If a line of the entries below includes the word "Comfort", it counts; state the total and nothing further.

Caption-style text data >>

_____

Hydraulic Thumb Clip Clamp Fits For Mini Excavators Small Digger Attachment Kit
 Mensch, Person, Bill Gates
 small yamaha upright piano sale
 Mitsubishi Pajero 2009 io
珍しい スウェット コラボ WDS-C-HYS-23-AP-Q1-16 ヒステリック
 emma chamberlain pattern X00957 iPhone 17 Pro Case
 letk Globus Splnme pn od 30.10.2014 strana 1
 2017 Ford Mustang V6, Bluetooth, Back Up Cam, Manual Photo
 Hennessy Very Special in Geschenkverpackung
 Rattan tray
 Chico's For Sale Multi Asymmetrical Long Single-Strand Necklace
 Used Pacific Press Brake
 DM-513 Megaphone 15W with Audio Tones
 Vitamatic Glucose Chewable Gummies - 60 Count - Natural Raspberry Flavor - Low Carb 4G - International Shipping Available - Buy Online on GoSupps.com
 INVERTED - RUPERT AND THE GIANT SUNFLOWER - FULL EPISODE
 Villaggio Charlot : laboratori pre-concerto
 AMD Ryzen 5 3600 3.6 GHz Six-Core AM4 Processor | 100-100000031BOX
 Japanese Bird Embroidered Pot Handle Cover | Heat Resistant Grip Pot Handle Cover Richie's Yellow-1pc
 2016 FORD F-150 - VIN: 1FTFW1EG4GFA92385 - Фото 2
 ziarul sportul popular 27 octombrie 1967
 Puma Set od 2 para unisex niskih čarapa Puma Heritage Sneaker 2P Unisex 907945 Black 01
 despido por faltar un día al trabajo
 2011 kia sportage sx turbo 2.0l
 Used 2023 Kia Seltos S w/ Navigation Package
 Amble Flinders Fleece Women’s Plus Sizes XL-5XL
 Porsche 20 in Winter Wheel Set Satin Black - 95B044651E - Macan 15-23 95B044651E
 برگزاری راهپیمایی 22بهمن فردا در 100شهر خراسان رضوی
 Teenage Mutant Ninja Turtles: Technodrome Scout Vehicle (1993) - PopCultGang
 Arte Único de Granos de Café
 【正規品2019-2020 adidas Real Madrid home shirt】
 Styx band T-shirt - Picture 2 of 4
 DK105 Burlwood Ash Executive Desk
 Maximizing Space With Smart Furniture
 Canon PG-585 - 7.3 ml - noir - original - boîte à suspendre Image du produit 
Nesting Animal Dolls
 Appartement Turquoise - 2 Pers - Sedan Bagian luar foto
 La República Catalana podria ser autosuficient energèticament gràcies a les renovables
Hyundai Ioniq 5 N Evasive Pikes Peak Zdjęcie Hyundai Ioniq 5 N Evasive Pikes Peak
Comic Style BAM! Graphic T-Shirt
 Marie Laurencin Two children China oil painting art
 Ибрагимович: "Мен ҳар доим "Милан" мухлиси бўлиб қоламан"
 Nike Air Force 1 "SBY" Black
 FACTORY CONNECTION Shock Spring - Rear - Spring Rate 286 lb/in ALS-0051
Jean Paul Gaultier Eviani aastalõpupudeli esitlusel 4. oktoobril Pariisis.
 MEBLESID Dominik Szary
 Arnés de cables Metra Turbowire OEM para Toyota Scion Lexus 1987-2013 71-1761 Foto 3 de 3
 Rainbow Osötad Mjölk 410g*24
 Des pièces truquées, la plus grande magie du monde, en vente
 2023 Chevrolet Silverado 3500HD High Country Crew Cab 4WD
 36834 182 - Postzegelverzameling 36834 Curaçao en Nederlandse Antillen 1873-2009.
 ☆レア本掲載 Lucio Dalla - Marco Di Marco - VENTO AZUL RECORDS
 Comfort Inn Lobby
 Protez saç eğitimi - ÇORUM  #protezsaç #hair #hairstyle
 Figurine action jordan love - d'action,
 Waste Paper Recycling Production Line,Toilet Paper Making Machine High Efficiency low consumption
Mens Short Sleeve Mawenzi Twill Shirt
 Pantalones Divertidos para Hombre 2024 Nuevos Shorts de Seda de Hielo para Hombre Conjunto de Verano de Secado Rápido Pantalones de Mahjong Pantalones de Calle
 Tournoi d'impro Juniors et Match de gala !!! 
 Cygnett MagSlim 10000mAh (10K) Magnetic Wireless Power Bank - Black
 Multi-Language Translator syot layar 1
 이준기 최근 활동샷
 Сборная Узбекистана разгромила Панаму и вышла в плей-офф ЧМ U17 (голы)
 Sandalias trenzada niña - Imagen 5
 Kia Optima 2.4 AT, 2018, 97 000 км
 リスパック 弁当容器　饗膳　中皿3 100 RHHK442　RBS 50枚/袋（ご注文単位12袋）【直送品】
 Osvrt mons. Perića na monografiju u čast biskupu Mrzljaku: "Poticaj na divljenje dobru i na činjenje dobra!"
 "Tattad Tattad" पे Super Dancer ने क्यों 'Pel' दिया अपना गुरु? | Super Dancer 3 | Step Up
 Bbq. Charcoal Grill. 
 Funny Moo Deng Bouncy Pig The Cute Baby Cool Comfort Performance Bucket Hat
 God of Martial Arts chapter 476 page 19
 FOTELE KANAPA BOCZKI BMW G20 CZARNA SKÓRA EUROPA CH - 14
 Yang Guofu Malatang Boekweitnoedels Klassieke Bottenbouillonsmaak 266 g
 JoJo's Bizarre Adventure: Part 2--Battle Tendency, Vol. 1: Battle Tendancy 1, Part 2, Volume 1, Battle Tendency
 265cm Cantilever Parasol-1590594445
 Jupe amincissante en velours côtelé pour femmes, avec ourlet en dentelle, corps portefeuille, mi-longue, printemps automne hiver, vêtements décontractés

_____

Your solution >> 2